[[ Study material open ]]
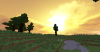 2016-03-04_20.48.58.png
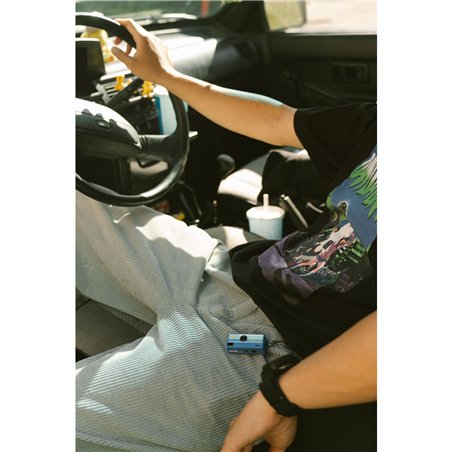 Kodak Charmera colori assortiti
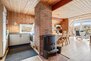 Ferienhaus B2749 in Nygårdsvej 2, Bjerregård - Bild #13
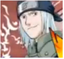 Portrait Naruto CoN2 Mizuki.png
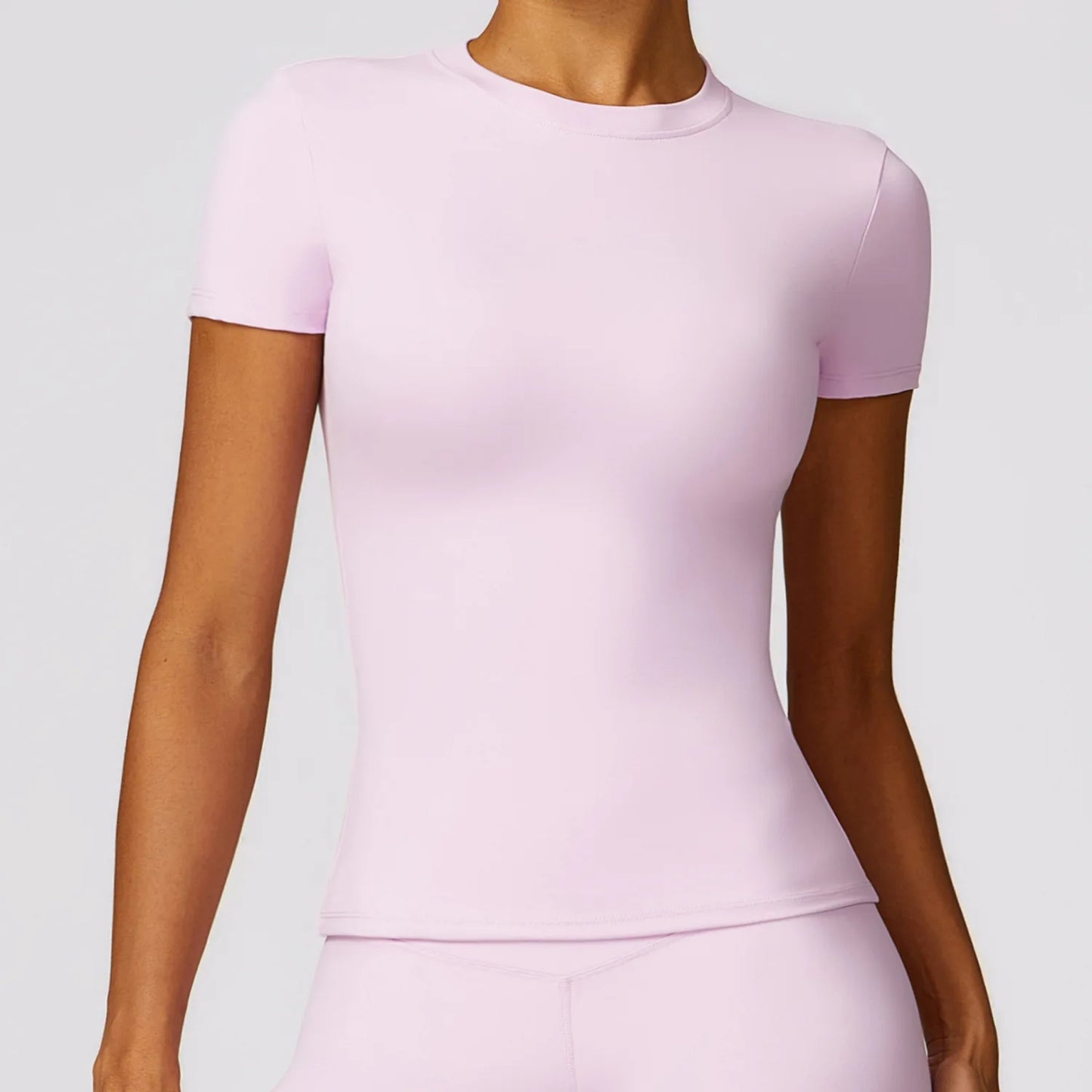 Women’s Athletic Tee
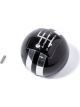 Drake Automotive Group Shifter Knob Pro Billet Set Screw Attachme
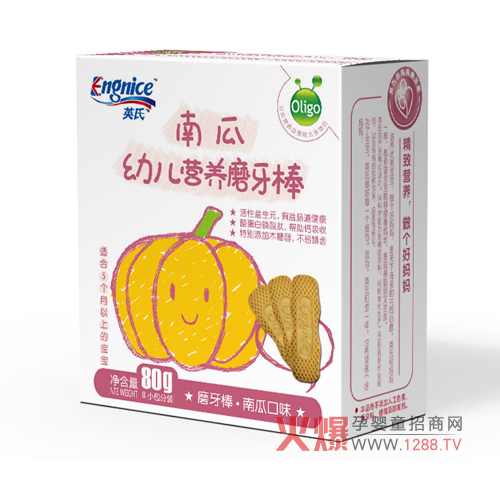 Ӣ���Ϲ��䷽���׃�ĥ������ô����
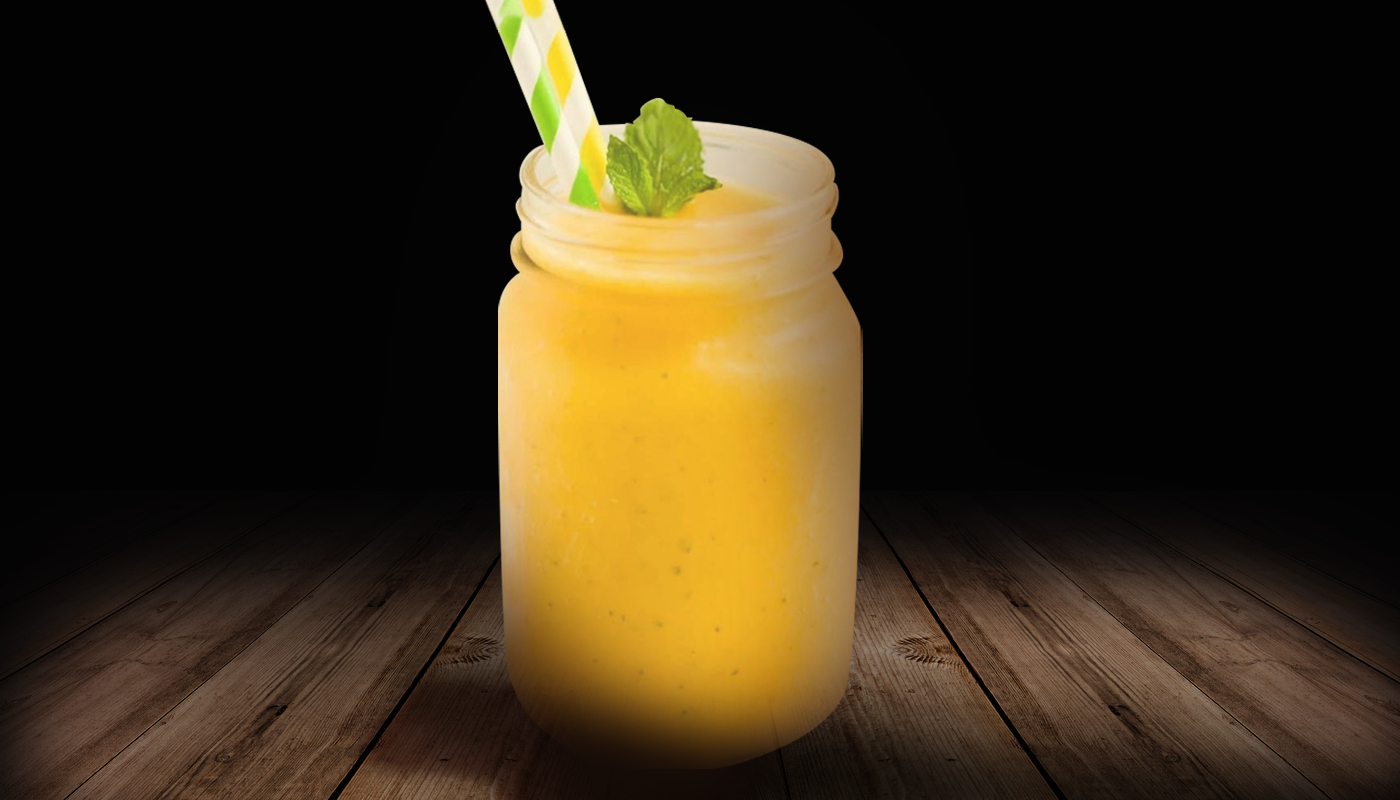 Order Smoothie food online from Kirin Hot store, Lancaster on bringmethat.com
[[ Study material closed ]]
### Problem statement
Nothing but the records above, retyped exactly and stripped of images, should appear in the answer.

### Result for this exercise
 2016-03-04_20.48.58.png
 Kodak Charmera colori assortiti
 Ferienhaus B2749 in Nygårdsvej 2, Bjerregård - Bild #13
 Portrait Naruto CoN2 Mizuki.png
 Women’s Athletic Tee
 Drake Automotive Group Shifter Knob Pro Billet Set Screw Attachme
 Ӣ���Ϲ��䷽���׃�ĥ������ô����
 Order Smoothie food online from Kirin Hot store, Lancaster on bringmethat.com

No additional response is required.